Some exchanges have operated for years without encountering thefts like this. What’s the difference between the successful ones and the failures? I believe that the successful ones have a very different security posture from the failed ones. They take security more seriously and as a result, attacks against their systems fail.

If reports are to be believed, BitGrail used exclusively client-side constraints for controlling some critical user operations on the exchange. This is an astonishing security failure, though perhaps not the one that led up to the major losses. Would anyone have put a deposit in the exchange if they had known about this issue? I like to think that they wouldn’t.

Creating a new exchange is “easy” in the sense that the skills required to create a website and an order engine are not very unique. There are certain security shibboleths like “two-factor authentication” which anyone who’s used an exchange would know to include. But unfortunately merely including these features do not make the exchange “secure.” Creating a secure exchange is not easy. Securing an exchange requires special attention to both the exchange’s design and its operations.

Let’s make it better

Many people lost a great deal of money with this theft.
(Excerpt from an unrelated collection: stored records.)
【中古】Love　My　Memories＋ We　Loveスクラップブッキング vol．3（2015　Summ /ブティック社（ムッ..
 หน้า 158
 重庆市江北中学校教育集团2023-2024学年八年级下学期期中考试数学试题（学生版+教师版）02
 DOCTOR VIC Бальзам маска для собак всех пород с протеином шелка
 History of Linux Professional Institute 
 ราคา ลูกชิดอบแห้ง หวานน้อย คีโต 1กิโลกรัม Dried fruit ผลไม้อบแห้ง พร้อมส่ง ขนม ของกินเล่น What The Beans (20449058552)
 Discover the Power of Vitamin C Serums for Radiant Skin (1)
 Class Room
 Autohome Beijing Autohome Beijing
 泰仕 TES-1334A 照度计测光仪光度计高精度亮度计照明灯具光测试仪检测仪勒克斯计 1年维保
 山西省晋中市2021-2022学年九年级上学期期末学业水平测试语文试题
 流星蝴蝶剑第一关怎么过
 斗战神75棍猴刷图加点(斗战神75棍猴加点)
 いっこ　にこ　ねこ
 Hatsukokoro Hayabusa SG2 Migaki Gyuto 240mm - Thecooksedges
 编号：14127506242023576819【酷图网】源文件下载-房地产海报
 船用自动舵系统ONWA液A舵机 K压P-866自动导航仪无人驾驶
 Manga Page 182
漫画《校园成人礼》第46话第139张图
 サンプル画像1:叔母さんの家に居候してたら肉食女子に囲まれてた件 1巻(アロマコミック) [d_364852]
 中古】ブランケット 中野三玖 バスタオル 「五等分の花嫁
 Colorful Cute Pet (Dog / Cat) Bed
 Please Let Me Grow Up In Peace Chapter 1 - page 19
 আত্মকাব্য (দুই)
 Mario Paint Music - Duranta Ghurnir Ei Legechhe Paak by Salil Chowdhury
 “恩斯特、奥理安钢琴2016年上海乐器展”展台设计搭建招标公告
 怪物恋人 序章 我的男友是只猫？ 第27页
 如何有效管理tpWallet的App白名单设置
Amazingly, BitGrail’s management claims to have a plan that involves re-opening the exchange!

How can we make it more obvious to users and exchange operators how big the gap is between the worst and the best exchanges?

If we could rate the exchanges according to some simple security criteria, it could help everyone understand the landscape better. I’ve created a Gitlab repo to author just such a rating system. I invite security professionals to collaborate on the rating system and help improve the situation for us all!